In any case, while I am looking forward to the _ syntax, I think I would mostly use it for simple stuff.
For some of that, a simple partial application construct is also feasible; the question is
whether we make some functions PA manually, like isequal (this has already happened, should it be extended like you suggested for >?),
introduce a macro to make (1) more convenient, but still manually applied (ie at function definition),
make PA automatic (I don’t think this meshes well with Julia’s semantics though, and is a large and breaking change),
introduce a macro for using PA, like the @pa I suggested above.
I am always undecided between these (except 3, which I don’t consider to be a good solution) and alternatives (the _ syntax for closures, etc). Sometimes I would find the more convenient, but at the same time closures are universal, quite readable, and just take a few extra characters.
Exactly, it’s not obvious what the meaning ought to be. In this case I intended it to be different arguments, but it could just as easily be one argument.
It’s not that there aren’t more concise ways of writing this, but none of these are as general and/or run into corner cases (as shown eg in the discussion of the PR above).
I’ve wondered for a while whether it is possible to abuse the broadcast machinery to do something like this (basically to avoid materialize being called on the lazy broadcasted object). I’ve not found a nice way of doing it (i.e., a way that doesn’t obscure/muddy the semantics of dot broadcasting) but here is a not-so-nice way of doing it.
myany(x) = any(x) # avoid piracy!
Broadcast.broadcasted(::typeof(myany), x) = myany(x) # exploit the fact that the broadcasted object is iterable
So much faster than the original case but not as fast as the anonymous function or generator expression versions as mentioned above (and it allocates more).
That would be very nice if there was a way to make that work generically; this pattern comes up pretty frequently, e.g. dot(x,y) = sum(x.*y), exit = all(abs.(err) <.= tol) and friends. Can’t all reducers in Base just define broadcasted like you do?
Wouldn’t that be bad if you want to apply the reduction on a collection of iterables? Seems like it would be bette to have a way to signal this explicitly.

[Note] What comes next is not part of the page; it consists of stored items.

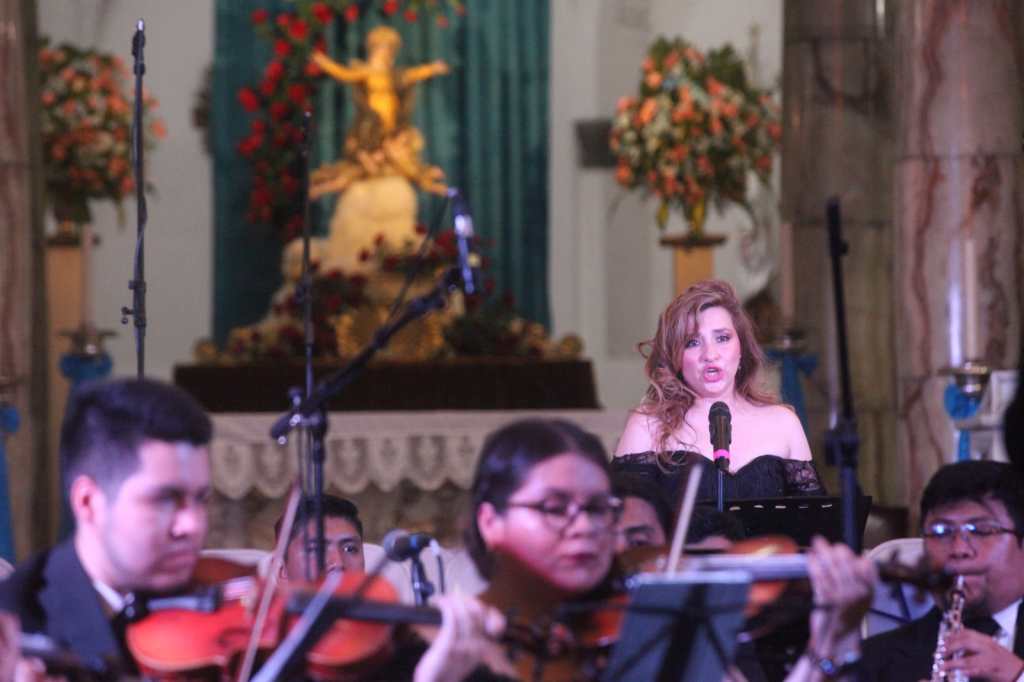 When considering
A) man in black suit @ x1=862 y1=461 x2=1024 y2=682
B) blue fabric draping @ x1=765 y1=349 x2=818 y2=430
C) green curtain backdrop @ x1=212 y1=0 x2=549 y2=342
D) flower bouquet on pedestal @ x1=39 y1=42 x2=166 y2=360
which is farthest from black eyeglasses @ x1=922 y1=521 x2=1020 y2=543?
green curtain backdrop @ x1=212 y1=0 x2=549 y2=342

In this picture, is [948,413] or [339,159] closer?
[948,413]

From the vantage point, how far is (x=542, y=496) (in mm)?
2979

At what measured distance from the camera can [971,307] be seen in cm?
743

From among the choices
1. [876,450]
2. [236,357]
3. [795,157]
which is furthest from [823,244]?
[236,357]

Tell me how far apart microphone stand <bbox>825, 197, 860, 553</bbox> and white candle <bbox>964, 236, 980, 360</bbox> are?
4127 mm

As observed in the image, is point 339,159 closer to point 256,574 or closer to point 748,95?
point 748,95

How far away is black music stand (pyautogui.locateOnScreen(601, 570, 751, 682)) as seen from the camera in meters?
2.78

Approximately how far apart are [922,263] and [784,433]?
8.60ft

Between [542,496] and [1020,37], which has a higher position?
[1020,37]

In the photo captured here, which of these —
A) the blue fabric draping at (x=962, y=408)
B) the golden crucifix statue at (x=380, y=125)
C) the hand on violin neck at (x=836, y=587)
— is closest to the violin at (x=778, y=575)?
the hand on violin neck at (x=836, y=587)

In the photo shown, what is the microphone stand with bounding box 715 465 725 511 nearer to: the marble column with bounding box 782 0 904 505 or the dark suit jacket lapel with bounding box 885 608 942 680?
the dark suit jacket lapel with bounding box 885 608 942 680

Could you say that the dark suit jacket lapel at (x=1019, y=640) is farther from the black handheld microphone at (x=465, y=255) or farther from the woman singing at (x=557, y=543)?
the black handheld microphone at (x=465, y=255)

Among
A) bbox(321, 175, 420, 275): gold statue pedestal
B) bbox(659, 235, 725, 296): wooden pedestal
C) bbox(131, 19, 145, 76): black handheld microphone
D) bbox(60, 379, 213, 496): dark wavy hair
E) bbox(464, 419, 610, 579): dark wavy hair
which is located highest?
bbox(131, 19, 145, 76): black handheld microphone

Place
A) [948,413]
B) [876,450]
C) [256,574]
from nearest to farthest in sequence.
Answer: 1. [256,574]
2. [948,413]
3. [876,450] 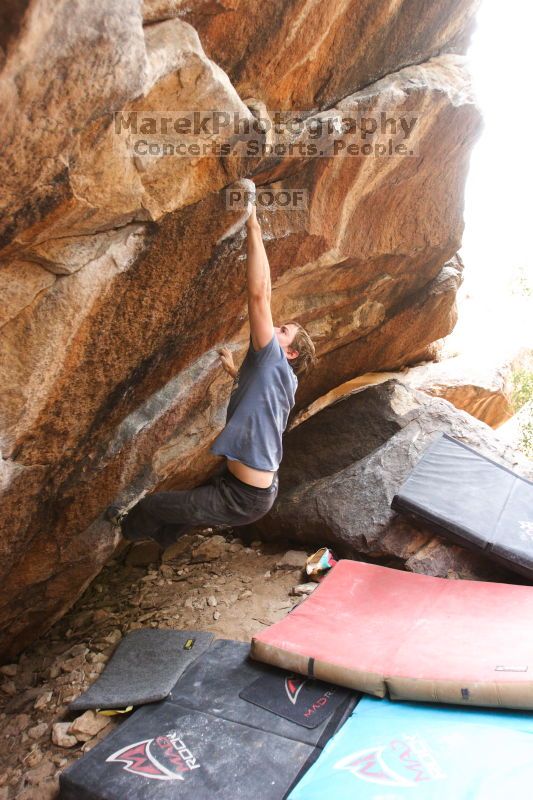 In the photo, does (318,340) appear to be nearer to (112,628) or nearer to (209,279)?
(209,279)

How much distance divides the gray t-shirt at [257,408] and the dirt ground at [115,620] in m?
1.43

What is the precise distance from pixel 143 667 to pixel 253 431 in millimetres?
1605

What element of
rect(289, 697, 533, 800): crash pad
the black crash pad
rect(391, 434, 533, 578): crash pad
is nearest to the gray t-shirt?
the black crash pad

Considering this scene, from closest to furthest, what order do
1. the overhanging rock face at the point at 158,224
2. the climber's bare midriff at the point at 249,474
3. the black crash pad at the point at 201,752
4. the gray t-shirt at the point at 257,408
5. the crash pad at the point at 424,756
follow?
the overhanging rock face at the point at 158,224 < the crash pad at the point at 424,756 < the black crash pad at the point at 201,752 < the gray t-shirt at the point at 257,408 < the climber's bare midriff at the point at 249,474

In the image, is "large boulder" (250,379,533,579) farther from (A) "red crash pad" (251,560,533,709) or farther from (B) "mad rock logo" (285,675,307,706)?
(B) "mad rock logo" (285,675,307,706)

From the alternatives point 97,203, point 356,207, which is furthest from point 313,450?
point 97,203

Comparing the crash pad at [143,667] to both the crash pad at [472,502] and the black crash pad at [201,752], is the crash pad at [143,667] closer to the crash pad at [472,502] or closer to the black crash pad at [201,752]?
the black crash pad at [201,752]

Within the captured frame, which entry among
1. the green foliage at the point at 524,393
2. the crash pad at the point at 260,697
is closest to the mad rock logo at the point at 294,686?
the crash pad at the point at 260,697

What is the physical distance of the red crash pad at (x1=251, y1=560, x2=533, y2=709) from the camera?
2959 millimetres

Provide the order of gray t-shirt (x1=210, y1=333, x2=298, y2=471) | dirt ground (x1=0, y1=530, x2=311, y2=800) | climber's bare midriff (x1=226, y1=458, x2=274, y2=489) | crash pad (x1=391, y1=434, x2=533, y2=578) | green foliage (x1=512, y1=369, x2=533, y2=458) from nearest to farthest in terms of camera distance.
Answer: dirt ground (x1=0, y1=530, x2=311, y2=800) < gray t-shirt (x1=210, y1=333, x2=298, y2=471) < climber's bare midriff (x1=226, y1=458, x2=274, y2=489) < crash pad (x1=391, y1=434, x2=533, y2=578) < green foliage (x1=512, y1=369, x2=533, y2=458)

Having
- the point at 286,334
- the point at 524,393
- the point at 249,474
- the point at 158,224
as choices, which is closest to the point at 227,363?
the point at 286,334

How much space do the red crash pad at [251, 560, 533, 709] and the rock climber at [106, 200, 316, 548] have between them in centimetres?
81

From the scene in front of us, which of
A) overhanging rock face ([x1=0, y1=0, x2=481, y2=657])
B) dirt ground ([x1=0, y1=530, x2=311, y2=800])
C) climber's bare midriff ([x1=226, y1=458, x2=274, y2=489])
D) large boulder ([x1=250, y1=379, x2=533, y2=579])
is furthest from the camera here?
large boulder ([x1=250, y1=379, x2=533, y2=579])

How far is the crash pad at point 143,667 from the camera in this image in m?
3.27
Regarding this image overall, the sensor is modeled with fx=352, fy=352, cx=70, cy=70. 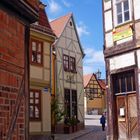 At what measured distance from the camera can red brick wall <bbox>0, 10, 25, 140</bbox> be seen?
3564 millimetres

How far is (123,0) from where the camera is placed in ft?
52.9

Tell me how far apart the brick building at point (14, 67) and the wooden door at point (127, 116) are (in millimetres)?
11470

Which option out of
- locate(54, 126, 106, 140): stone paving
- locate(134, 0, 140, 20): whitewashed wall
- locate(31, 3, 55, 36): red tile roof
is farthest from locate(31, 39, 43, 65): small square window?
locate(134, 0, 140, 20): whitewashed wall

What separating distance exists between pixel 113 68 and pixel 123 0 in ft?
10.3

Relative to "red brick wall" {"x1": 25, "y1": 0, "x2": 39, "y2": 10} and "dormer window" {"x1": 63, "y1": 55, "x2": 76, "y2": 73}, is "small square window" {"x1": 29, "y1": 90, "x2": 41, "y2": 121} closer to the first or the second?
"dormer window" {"x1": 63, "y1": 55, "x2": 76, "y2": 73}

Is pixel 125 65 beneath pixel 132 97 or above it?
above

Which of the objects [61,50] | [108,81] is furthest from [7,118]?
[61,50]

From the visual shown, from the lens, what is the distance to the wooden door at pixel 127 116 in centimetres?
1508

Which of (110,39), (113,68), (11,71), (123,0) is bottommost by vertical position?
(11,71)

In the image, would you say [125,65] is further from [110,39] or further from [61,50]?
[61,50]

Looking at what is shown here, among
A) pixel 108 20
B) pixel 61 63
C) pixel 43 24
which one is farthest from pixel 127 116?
pixel 61 63

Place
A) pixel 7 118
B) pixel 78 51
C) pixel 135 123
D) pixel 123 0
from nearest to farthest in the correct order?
pixel 7 118, pixel 135 123, pixel 123 0, pixel 78 51

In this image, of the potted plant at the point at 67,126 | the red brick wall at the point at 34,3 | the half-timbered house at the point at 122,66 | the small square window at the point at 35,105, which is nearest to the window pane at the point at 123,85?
the half-timbered house at the point at 122,66

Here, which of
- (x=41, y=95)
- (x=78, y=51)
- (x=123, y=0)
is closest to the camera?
(x=123, y=0) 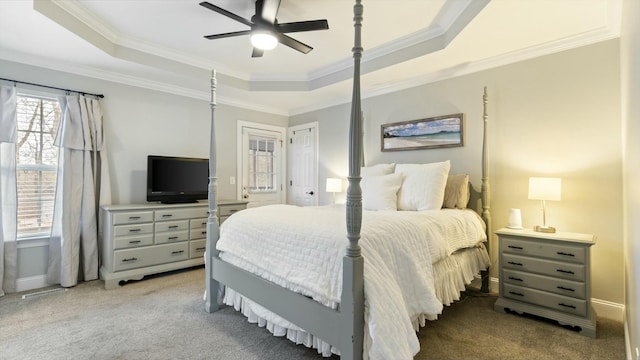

Yes, I don’t like this solution since it obscures the meaning of the dot notation. I’ve been trying to find a way to do this explicitly but I can’t find a way to coerce the lowering code to remove the final materialize call that appears when the dot notation is expanded out. (It doesn’t help that I don’t really know enough Scheme to be able to understand the lowering code properly.)
@inline _lazy(x) = x[1] # unwrap the tuple
@inline Broadcast.broadcasted(::typeof(_lazy), x) = (x,) # wrap the Broadcasted object in a tuple to avoid materializing
macro lazy(x)
return esc(:(_lazy(_lazy.($x))))
end
Which gives
julia> a = rand(10000) ; b = rand(10000) ;
julia> @btime sum(a .+ b)
10.896 μs (5 allocations: 78.27 KiB)
9902.652963666198
julia> @btime sum(@lazy a .+ b)
13.095 μs (3 allocations: 64 bytes)
9902.652963666245
julia> @btime any(a .+ b .> 1.9)
15.549 μs (7 allocations: 5.64 KiB)
true
julia> @btime any(@lazy a .+ b .> 1.9)
1.016 μs (4 allocations: 96 bytes)
true
So not materializing the array isn’t always faster (depends on the operation) but it does save on allocations.